--- INPUT RECORDS ---
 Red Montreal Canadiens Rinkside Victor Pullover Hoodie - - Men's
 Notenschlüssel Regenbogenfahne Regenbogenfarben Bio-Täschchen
---
--- INPUT RECORDS ---
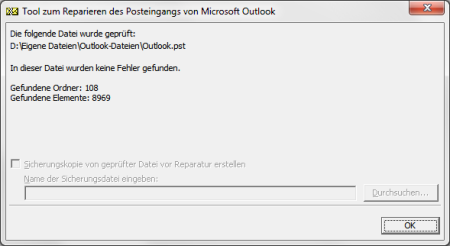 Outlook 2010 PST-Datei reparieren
---
--- INPUT RECORDS ---
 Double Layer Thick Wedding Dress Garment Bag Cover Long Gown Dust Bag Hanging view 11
---
#### ABOUT THIS TASK:
Above is a listing; print exactly its lines from the one with "Red Montreal Canadiens" through the one with "Notenschlüssel Regenbogenfahne Regenbogenfarben", and no other lines.

#### ANSWER TO THE EXERCISE:
 Red Montreal Canadiens Rinkside Victor Pullover Hoodie - - Men's
 Notenschlüssel Regenbogenfahne Regenbogenfarben Bio-Täschchen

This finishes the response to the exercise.